Extract exactly and only the lines of the data below, starting at the line with "Philips OneBlade Yüz" and stopping after the final line.

Records from a data source:
»»
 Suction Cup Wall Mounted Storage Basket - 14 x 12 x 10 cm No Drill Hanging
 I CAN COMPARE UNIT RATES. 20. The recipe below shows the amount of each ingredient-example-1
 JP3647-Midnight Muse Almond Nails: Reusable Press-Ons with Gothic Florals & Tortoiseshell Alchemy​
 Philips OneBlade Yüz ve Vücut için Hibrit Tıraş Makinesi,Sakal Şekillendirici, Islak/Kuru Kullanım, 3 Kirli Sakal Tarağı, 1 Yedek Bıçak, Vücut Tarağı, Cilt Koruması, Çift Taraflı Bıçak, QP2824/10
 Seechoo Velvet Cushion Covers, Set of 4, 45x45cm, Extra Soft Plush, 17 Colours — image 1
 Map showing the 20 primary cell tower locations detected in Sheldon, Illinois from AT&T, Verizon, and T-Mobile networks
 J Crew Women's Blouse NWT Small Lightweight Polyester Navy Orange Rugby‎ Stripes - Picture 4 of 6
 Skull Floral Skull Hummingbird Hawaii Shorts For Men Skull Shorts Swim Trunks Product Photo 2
««
COMPLETED TASK:
 Philips OneBlade Yüz ve Vücut için Hibrit Tıraş Makinesi,Sakal Şekillendirici, Islak/Kuru Kullanım, 3 Kirli Sakal Tarağı, 1 Yedek Bıçak, Vücut Tarağı, Cilt Koruması, Çift Taraflı Bıçak, QP2824/10
 Seechoo Velvet Cushion Covers, Set of 4, 45x45cm, Extra Soft Plush, 17 Colours — image 1
 Map showing the 20 primary cell tower locations detected in Sheldon, Illinois from AT&T, Verizon, and T-Mobile networks
 J Crew Women's Blouse NWT Small Lightweight Polyester Navy Orange Rugby‎ Stripes - Picture 4 of 6
 Skull Floral Skull Hummingbird Hawaii Shorts For Men Skull Shorts Swim Trunks Product Photo 2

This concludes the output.